ERM: A Fork In The Road For Risk Mgrs.

The U.S. risk management community appears to have settled into two distinct camps.

The first is a relatively small group of risk managers who have aggressively pushed the “outside of the envelope” in leading their organizations into the world of enterprise risk management. They have taken risks, expanded their knowledge and skill sets, and challenged their organizations to change–in an effort to build a better model for their companies and a more meaningful role for themselves.

Those in the second and larger camp appear comfortable with the status quo and are firmly tethered to their traditional, hazard risk and insurance-based roots. The unfortunate reality for some in this camp (certainly not all) is that by tying themselves to what is, without question, the most unpleasant and most misunderstood purchase any company makes during the year, they may–as I have heard over and over again during the last 35 years–be seen as a necessary evil, with little or no chance of upward mobility within the organization.

Worst yet, depending on what happens in the future, some may become irrelevant and expendable.

I think we can all agree that risk and its management is, and always has been a fundamental aspect of running any business, and should be a critical element in corporate governance. The focus on corporate governance is not a passing fad, and the demands and expectations of shareholders and the public on those responsible for corporate governance will only increase–no matter how slowly legislative and regulatory bodies move to codify those demands and expectations.
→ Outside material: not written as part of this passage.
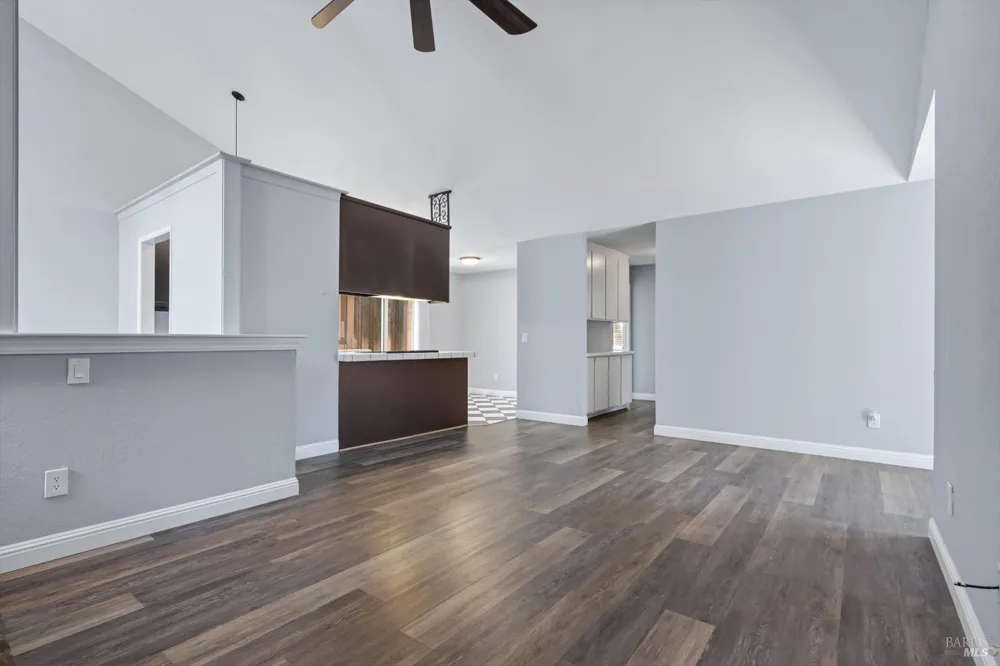 152 Rancho Bonito Circle Petaluma, CA 94954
The ability to manage and finance risk efficiently will give companies a competitive advantage in a global market economy. In fact, globalization itself is creating new, different and more complex risks and begs for a more efficient risk management process.

It's my opinion that an organization's ability to effectively manage all the risks it faces on a consistent and efficient basis will become a key to its success–and in some instances its very survival.

The process may differ from company to company, and clearly there are some organizations where the culture is simply incompatible with the concept of ERM.

Some organizations have an unfortunate habit of going into denial when it comes to risk. For others it may be an issue of timing and/or the allocation of resources to a process that is not a one-time project, but a way of doing business. Last but not least, there are always internal politics.

The fact remains that ERM presents a tremendous opportunity for many risk managers to make a valuable contribution to their companies and to create a more meaningful role for themselves within the organization.

Many ERM concepts and much of the education process have been driven by the traditional risk management community. The skills they have employed in managing hazard risks are invaluable, and with additional education and skills development, risk managers are often the logical choice to lead an ERM initiative.

The window of opportunity is narrowing, however. While federal Sarbanes-Oxley mandates are focused on financial reporting, other aspects of corporate governance–including the “800 pound gorilla” of risk–are definitely in the same room.

In most organizations, practical responsibility for SOX compliance has fallen under the purview of finance and/or internal auditing. The next logical step, therefore, is that someone from finance or internal auditing becomes the de facto chief risk officer–which has already occurred in many organizations.

Interestingly, the ERM program at Wake Forest University is not intended for insurance and risk management majors at all. In fact, those programs aren't even offered there. Rather, it is focused on accounting and business majors or liberal arts majors with an interest in business. It's also starting to draw interest from professional schools.

So my advice to risk managers is this: Now may be a good time to determine whether you want to “lead, follow or get out of the way!”